BIG NEW CO2 STORAGE TRIAL
Theoretically, it will work. If only it could work, all those people who own all that coal could get so much richer.
Theoretically, it will be safe. And the local residents can always be evacuated if it isn’t. The technology has got to be tested.
OR -- we could make the wise and courageous decision to develop renewable technologies and stop thinking about leveling mountains for coal and filling all the sandstone in the world with acidic gases.
NewEnergyNews has covered many of these “clean coal” and “carbon capture” reports and there is, interestingly, one point never mentioned: The CCS process DOES NOT CAPTURE 100% of the climate change-inducing emissions.

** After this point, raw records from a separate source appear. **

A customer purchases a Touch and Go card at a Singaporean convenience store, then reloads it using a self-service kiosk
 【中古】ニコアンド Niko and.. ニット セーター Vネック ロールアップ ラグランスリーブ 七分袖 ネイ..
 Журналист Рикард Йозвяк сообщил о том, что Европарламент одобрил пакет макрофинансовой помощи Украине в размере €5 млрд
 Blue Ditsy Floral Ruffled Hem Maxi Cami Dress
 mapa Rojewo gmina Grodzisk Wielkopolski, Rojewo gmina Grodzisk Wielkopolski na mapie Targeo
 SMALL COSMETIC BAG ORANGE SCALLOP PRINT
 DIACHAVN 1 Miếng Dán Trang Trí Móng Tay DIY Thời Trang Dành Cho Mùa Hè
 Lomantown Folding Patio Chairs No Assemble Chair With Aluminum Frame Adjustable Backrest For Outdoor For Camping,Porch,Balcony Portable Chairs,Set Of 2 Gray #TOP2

Some of the proposed technologies CAPTURE AS LITTLE AS 30%!
New technology would store carbon underground
James Kanter, August 6, 2007 (International Herald Tribune)
WHO
Frank Schilling, German professor of mineral and rock physics, National Research Center for Geosciences.
WHAT
CO2Sink: A test of geologic sequestration by Schilling. 100 tons/day of CO2 will be pumped 800 meters down into a sandstone formation. This is a type of carbon capture and storage (CCS).
click to enlarge
WHEN
- CO2Sink has begun and will be studied for 3 years.
- The EU is considering requiring all coal plants to use such technology after 2020.
WHERE
- Ketzin, Brandenburg, Germany, 20 kilometers (12 miles) west of Berlin
- There are known satisfactory sites for geologic sequestration in China, Germany, Poland and the United States.
WHY
- Presently, Norwegian oil and gas producer Statoil buries CO2 extracted from natural gas in an offshore aquifer to avoid paying pollution taxes to the Norwegian government. Oil drillers pump CO2 back into failing wells near Weyburn, Saskatchewan, to enhance their oil recovery.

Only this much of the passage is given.